Hedge Funds Don't Pose Systemic Risk, Hedge Fund Group Asserts

Even After Record Growth, Hedge Funds Don't Pose Risk, Group Says

Even as hedge fund assets grew at a record-breaking pace last quarter, no firm is so big that its failure would pose a threat to the financial system, a hedge fund trade group asserts.

The comment comes after two regulators -- the Securities and Exchange Commission and the Commodity Futures Trading Commission -- proposed new rules that would require advisers to hedge funds to regularly disclose financial information to a government watchdog. More than two years after the near-failure of widely interconnected financial firms prompted a taxpayer bailout, many of these firms are larger than ever.

But this danger doesn't apply to hedge funds, the trade group said.

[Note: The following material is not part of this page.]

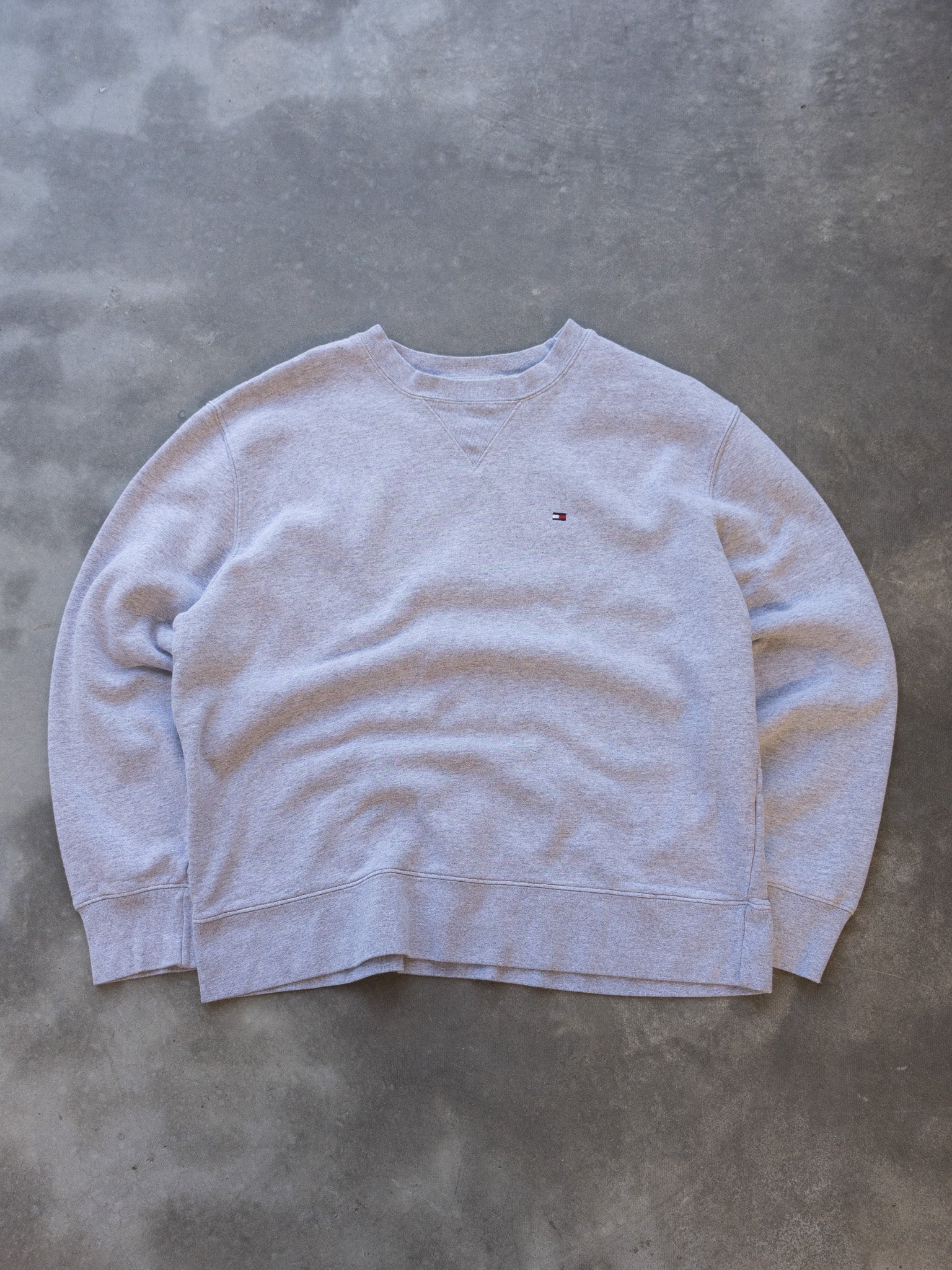 Vintage Grey Tommy Hilfiger Sweatshirt (2XL)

"I don't believe there is a firm that would be systemically relevant today," Richard Baker, president of the hedge fund industry group Managed Funds Association, told the New York Times.

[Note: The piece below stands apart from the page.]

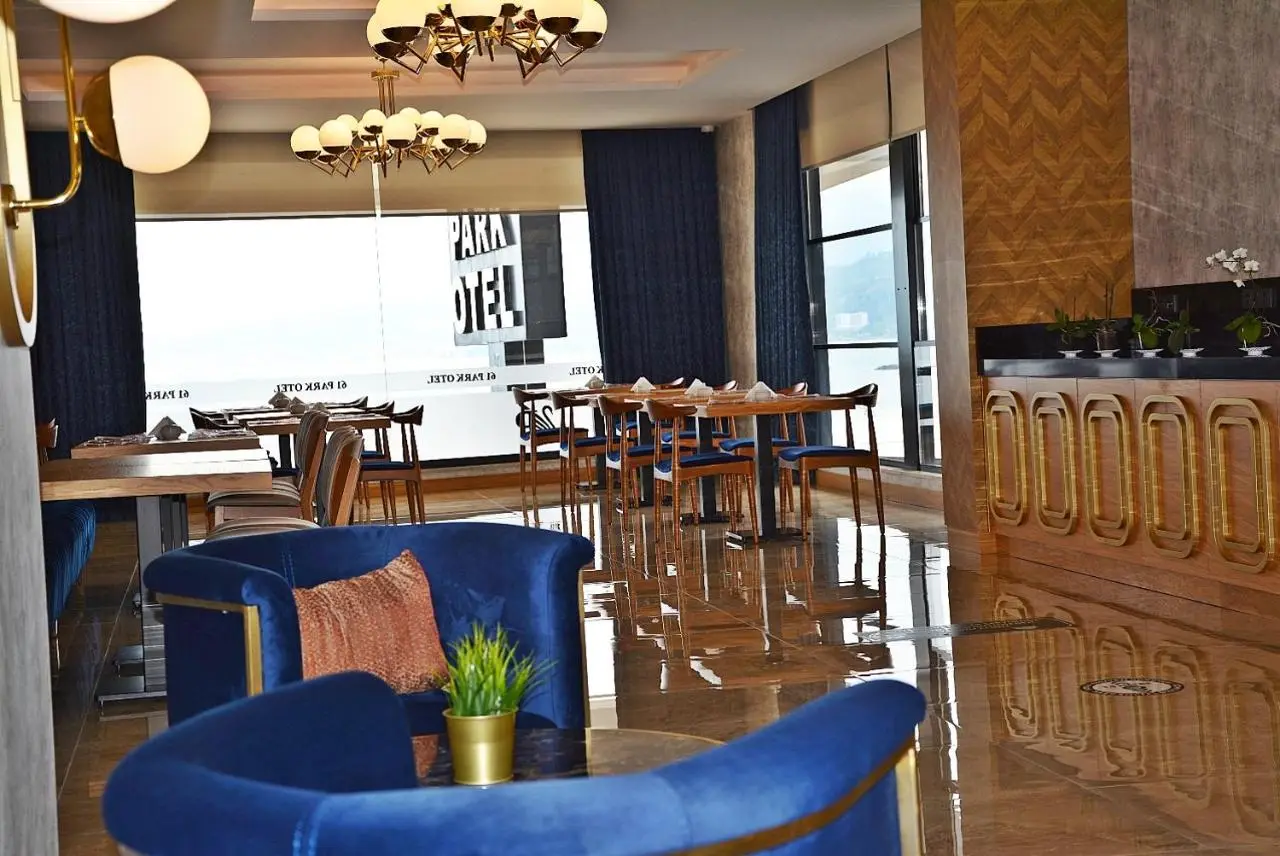61 Park Hotel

The issue of "systemic risk," the phenomenon of a firm's being so large or interconnected that its failure would take down the system, was graphically displayed in the fall of 2008, when the U.S. government gave the financial industry a more than $700 billion taxpayer rescue. While hedge funds were not direct recipients of the bailout, they remain a key component of the financial system, managing trillions in assets.

Baker defended the way hedge funds do business, saying transparency is already a central tenet.

"Hedge funds are the last corner of financial free market enterprise," he said, according to the NYT.

Even in the wake of the financial crisis, hedge fund growth has broken records. In the fourth quarter of last year, hedge fund assets grew by a record $149 billion, Reuters reported this month. The global industry now manages more than $1.9 trillion.

John Paulson, the hedge fund manager who made billions betting against the housing market, reportedly earned roughly $5 billion last year, logging not only a personal best but also a record for the industry. His firm, Paulson & Co., manages $35.9 billion in assets, according to Bloomberg News.

A decade before the government bailout of the financial system, Wall Street banks pooled their resources to bail out Long-Term Capital Management, a fund on the verge of failure. If the firm had gone under, banks would have been exposed to "tremendous -- and untenable -- risks," writes Roger Lowenstein in the book When Genius Failed. "Undoubtedly, there would be a frenzy, as every bank rushed to escape its now one-sided obligations."